Michele Caiazzo, una vita a sinistra

Scritto da  Nando Zanga Pubblicato in Locale Letto 854 volte

Continuiamo le nostre interviste chiacchierate davanti a un buon caffè e incontro Michele Caiazzo, già sindaco della città di Pomigliano d’arco ma soprattutto un militante politico di sinistra che ha un'intolleranza altissima verso le ingiustizie. A soli quattordici anni si è iscritto e ha militato nella F.G.C.I. (Federazione Giovanile Comunista Italiana), è poi transitato nel Partito Comunista Italiano, ha continuato la carriera politica prima nelle file del P.D.S., poi è transitato prima con i Democratici Sinistra, poi nel Partito Democratico e ora con Articolo UNO per costruire una moderna forza di sinistra in Italia. Michele, chi è il tuo modello politico e perché? Ti posso citare tante persone da Berlinguer al Presidente della Repubblica Sandro Pertini a Martin Luther King, a Salvator Allende a Pietro Ingrao, tutti personaggi di spicco del mondo politico che si sono impegnati per i diritti e la giustizia sociale.

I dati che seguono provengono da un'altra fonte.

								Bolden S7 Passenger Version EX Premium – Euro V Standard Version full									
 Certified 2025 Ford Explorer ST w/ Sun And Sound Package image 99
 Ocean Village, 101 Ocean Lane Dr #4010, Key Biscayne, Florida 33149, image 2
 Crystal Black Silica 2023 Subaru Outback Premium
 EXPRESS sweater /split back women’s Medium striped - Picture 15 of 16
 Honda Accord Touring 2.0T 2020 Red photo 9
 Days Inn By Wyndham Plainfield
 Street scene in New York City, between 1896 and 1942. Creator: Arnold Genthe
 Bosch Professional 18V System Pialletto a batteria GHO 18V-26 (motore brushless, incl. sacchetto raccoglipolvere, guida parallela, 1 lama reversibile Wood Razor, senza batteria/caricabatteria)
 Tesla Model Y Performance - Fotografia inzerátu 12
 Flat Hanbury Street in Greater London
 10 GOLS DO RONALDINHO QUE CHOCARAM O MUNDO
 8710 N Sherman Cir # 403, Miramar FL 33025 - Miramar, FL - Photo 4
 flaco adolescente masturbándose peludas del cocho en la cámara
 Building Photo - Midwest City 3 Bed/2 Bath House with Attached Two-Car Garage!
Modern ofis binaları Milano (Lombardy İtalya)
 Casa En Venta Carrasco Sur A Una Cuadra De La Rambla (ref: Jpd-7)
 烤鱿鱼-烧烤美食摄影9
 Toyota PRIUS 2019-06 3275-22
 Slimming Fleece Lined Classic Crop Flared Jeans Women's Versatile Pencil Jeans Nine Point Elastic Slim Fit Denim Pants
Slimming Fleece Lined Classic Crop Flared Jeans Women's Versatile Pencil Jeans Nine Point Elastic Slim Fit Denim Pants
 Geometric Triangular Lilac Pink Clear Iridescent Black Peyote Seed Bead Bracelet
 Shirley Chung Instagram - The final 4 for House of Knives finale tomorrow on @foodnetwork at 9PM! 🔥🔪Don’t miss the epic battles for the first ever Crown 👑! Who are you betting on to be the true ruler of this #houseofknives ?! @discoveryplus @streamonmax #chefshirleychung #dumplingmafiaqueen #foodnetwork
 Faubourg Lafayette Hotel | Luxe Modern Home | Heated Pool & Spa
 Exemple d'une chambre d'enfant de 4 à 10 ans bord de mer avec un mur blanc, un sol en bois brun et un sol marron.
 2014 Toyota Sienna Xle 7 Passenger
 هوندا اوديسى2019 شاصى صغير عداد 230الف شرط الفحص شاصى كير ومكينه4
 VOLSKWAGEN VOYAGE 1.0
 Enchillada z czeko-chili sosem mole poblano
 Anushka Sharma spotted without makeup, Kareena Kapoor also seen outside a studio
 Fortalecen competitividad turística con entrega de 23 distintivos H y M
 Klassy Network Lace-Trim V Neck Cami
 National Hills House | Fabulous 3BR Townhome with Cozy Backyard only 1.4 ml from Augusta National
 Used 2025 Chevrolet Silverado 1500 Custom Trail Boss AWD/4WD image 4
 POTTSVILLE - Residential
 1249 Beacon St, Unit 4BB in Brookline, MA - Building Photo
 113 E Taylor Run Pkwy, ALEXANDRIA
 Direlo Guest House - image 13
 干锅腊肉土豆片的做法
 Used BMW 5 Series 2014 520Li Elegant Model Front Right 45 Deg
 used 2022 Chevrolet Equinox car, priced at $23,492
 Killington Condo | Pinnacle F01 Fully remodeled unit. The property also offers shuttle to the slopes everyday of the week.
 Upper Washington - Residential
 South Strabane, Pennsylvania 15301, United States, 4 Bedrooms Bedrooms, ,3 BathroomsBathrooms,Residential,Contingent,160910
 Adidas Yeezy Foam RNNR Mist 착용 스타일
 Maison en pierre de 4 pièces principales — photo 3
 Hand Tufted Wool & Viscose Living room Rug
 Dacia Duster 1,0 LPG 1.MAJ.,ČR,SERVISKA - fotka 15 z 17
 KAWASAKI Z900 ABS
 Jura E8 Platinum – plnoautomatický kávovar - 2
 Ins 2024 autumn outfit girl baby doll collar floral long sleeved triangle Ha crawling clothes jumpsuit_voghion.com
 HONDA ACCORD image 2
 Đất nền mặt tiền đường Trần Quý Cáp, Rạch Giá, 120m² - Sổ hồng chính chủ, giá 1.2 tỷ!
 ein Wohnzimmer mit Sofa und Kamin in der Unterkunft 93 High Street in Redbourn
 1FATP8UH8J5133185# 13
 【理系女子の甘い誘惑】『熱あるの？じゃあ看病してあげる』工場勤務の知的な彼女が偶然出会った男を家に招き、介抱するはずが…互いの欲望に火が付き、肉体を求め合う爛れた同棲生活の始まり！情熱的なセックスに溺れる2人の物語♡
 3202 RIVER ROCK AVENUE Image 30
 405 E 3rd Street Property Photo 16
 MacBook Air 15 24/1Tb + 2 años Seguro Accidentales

Che cosa rappresenta per te la “ festa dei lavoratori”? “L'Italia è una Repubblica democratica fondata sul lavoro”, è questo il cuore del progetto di Articolo UNO ed è per questo che la festa si chiama FESTALAVORO&DIRITTI. Se vedi il programma della manifestazione, ti rendi conto che tocca argomenti importanti in questo momento storico per il Paese. In che direzione vede il suo futuro e da chi si sente rappresentato? Beh, il futuro lo immagino come quello di una persona che dedica parte del suo tempo a rimettere in piedi una sinistra delle idee e degli ideali. Il tuo motto politico? Questo motto mi ha accompagnato nel mio percorso politico “Pensare globalmente, agire localmente”. Il tuo più grande progetto portato avanti? Le tante opere realizzate nel periodo 1995/2005 in cui sono stato sindaco di Pomigliano. La tua delusione politica? Politicamente ho ricevuto diverse delusioni, ma dalle delusioni s’impara a crescere e migliorare. Renzi o De Luca, chi butti giù dalla torre? Non li butto giù anche perché sono uscito dal PD e, poi, non hanno bisogno di aiuto. Che cosa rappresenta per te la città di Pomigliano d’Arco? Nonostante i colpi inferti dall'attuale regressione politico-culturale, resta una delle realtà migliori della conurbazione napoletana.